By Kyle Casey, Staff Writer
The 2013 NFL Draft quarterback class is full of hit or miss prospects. With just a little over two months until the draft, there’s still no clear-cut top quarterback. The number of quarterbacks that will go in the first round is also still up in the air.
Some mock drafts have zero first round quarterbacks, while others may have up to three or four. With such an uncertainty regarding this year’s quarterback class, opportunities may open for a few late round prospects. While quarterbacks selected on the third day of the draft rarely ever get a chance to compete for a starting job, many successfully stay on NFL rosters for several years.
The backup quarterback role is an underrated aspect of an NFL team, as having a reliable and talented backup is something that is a necessity. On the third day of the draft, a few quarterbacks could be selected that will latch on NFL roster for several years and maybe even compete for a starting job one day.
Here are a few sleeper late round quarterbacks:
Tyler Bray, Tennessee
The 6’6 gunslinger isn’t necessarily a sleeper prospect per se, but there’s a chance that he could get drafted in the fourth round or later. Bray has one of the strongest arms in this year’s class and has every physical skill needed to be a successful NFL quarterback. However, Bray still struggles with his poor footwork, elongated throwing motion and decision making. He also has off-field issues that will need to get cleared up in order for him to deal with life in the NFL. If Bray can devote himself to correcting his plethora of mechanical problems, he could turn out to be one of the best quarterbacks in the draft five years from now. In order to be successful, Bray needs to be drafted by a team that is set at starting quarterback so that he can focus on improving his mechanics and maturity before competing for a starting job.
Matt Scott, Arizona
With the running quarterback becoming a theme in the NFL nowadays, Arizona’s Matt Scott may find a spot on an NFL team for several years. He’ll likely go in the fourth or fifth round of the draft and doesn’t project to be any more than a backup at the next level. However, for a mid-round pick, that’s not too bad of a role in the NFL. Scott has a good build for a quarterback, but needs to add more weight to his 6’2 frame. With underrated arm strength and above average mobility and speed, Scott will be a solid day three selection for an NFL team in April.

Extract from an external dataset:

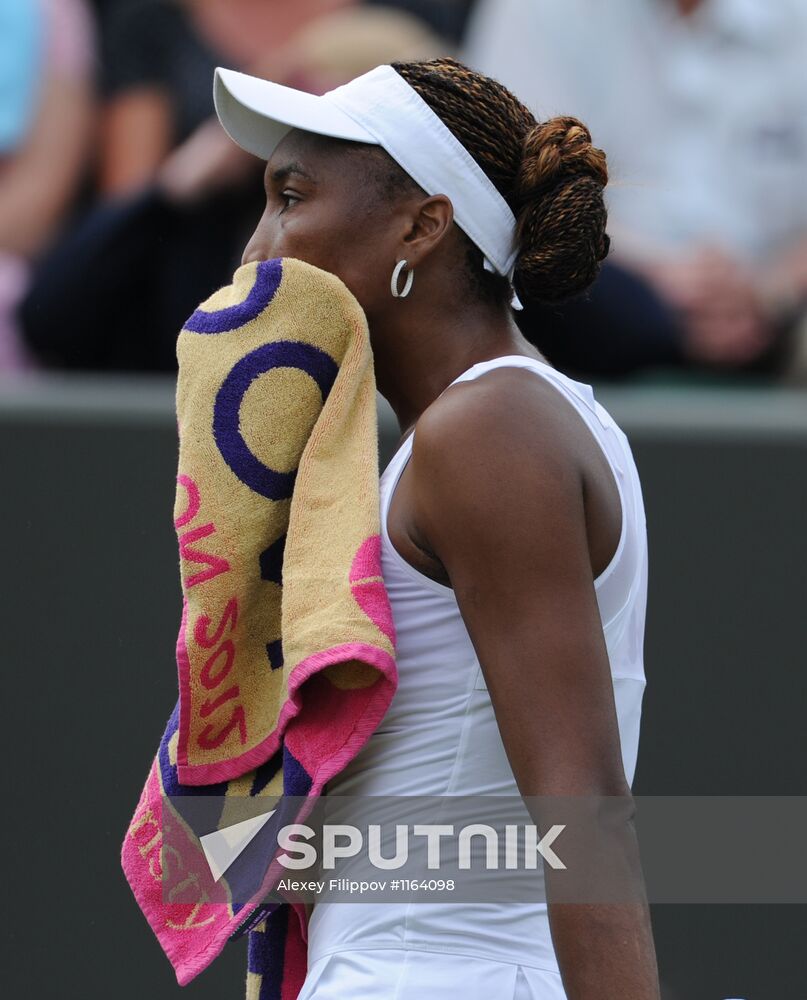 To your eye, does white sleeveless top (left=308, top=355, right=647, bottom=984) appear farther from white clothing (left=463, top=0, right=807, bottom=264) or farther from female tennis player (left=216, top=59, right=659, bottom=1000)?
white clothing (left=463, top=0, right=807, bottom=264)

Jordan Rodgers, Vanderbilt
While it’s not a certainty at this point that Jordan Rodgers (brother of Aaron) will get drafted, he has the necessary skill set to be a reliable career backup in the NFL. Standing at just 6’1, Rodgers’ lack of size may scare away some teams, but his accuracy and athleticism are what can make him have success in the NFL. Just like his brother Aaron, Jordan Rodgers has enough speed to take off and run with the ball when needed. He didn’t have many designed run plays at Vanderbilt but still managed to rush for 491 yards and six touchdowns in his two seasons as the starting quarterback for the Commodores. Rodgers could be selected in the sixth or seventh round, but if he isn’t, he will be a priority undrafted free agent for many NFL teams.